Sex Workers Fight Efforts to Link Prostitution with Trafficking

As the campaign against sex trafficking emerges as a $47 million cottage industry, it has also spurred a “moral panic” that sex workers say has made them increasingly vulnerable to police abuse, and turns them into targets for those with religious or moral objections to prostitution.

At the height of national outrage over what government officials and activists call a human trafficking “epidemic,” sex workers are challenging what they say are misleading and harmful efforts to link prostitution to sex trafficking.

“People have used this moral panic, this idea that there is a trafficking epidemic, to create so much funding and so much policy that now that they’re being pressured to show the evidence—to show the sex trafficking arrests,” said Tara Burns, researcher and founding member of the Community United for Safety and Protection (CUSP), a group of former and current Alaska sex workers allied with sex trafficking victims.

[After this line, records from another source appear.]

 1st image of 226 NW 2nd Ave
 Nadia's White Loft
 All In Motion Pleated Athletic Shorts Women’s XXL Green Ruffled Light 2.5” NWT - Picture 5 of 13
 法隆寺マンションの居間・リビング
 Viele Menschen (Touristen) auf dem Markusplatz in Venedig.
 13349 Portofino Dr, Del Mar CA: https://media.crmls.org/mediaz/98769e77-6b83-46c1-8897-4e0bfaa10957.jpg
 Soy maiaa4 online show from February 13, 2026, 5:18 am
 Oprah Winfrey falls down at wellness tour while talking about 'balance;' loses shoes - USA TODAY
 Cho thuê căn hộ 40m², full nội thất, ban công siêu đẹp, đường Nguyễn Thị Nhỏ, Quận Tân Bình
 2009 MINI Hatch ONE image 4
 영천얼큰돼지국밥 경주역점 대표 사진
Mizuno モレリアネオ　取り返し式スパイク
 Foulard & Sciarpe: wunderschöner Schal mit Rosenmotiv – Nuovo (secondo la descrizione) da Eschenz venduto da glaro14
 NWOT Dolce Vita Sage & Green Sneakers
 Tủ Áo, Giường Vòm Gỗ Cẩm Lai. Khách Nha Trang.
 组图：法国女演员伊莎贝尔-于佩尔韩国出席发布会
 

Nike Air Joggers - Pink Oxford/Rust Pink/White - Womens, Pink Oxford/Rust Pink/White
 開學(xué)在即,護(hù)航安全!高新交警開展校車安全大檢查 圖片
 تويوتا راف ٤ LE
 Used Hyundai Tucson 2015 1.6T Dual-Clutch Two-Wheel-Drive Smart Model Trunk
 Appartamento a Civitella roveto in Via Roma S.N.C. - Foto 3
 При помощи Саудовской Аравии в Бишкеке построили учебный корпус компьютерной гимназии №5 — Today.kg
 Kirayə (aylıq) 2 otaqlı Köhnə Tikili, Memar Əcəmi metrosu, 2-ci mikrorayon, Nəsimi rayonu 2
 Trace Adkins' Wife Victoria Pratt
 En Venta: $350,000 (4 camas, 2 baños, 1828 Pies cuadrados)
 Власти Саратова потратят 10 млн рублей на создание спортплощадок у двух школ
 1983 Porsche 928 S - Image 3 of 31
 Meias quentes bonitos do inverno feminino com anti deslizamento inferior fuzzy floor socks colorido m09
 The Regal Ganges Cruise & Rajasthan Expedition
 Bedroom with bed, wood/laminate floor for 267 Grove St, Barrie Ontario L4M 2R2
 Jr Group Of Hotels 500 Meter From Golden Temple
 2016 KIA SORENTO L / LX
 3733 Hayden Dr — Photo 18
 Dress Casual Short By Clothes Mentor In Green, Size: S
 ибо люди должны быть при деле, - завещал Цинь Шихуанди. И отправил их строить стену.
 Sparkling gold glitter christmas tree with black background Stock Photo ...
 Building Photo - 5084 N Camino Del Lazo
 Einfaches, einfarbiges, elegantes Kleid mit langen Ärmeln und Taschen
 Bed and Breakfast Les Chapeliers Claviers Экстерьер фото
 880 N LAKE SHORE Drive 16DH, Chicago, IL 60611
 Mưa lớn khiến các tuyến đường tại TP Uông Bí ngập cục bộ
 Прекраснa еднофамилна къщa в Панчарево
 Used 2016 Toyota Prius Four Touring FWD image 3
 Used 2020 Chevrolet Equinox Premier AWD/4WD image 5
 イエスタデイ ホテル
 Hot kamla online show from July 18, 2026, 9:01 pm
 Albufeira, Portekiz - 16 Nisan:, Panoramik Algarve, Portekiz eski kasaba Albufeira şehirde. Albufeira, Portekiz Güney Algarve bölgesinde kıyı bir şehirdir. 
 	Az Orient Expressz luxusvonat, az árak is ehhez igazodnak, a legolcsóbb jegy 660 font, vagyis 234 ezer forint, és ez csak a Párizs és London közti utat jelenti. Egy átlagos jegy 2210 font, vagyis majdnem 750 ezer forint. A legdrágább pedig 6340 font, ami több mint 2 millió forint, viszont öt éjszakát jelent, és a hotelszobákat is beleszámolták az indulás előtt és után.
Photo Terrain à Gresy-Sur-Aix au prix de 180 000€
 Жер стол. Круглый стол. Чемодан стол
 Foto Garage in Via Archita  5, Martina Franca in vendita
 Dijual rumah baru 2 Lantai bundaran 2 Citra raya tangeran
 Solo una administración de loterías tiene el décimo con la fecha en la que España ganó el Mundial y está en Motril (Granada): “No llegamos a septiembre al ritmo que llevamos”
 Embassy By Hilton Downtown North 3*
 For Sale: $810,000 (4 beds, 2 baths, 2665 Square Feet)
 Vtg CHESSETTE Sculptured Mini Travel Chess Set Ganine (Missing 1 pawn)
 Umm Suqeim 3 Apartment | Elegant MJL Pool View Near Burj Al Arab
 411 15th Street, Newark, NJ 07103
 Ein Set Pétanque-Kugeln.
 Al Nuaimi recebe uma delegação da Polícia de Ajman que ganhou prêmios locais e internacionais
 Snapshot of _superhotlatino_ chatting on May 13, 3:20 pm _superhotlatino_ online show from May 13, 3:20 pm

“That’s where we see police arresting [prostitutes] for sex trafficking themselves, just so they can get those sex trafficking numbers up, and match the moral panic they’ve created.”

CUSP is lobbying for the passage of companion bills (HB 112/SB 73) in the Alaska Senate and House which would expand sexual assault laws to explicitly prohibit law enforcement from sexual contact with trafficking or domestic violence victims—as part of its continuing campaign to protect sex workers from laws that make them “vulnerable to violence and exploitation.”

In California, another group is challenging a state law that criminalizes prostitution, and asking a federal court to allow for a closer examination of studies that link consensual sex work to sex trafficking.

In January, a three-judge panel in the 9th circuit dismissed a suit by the Sex Workers and Erotic Service Providers Legal, Educational and Research Project (ESPLERP) to declare unconstitutional state laws that make prostitution a crime. The panel sided with 13 state and national organizations that wrote in to oppose ESPLERP, arguing that prostitution needs to remain criminalized in order to combat the “attendant evils” of violence against women, drug abuse—and above all, sex-trafficking.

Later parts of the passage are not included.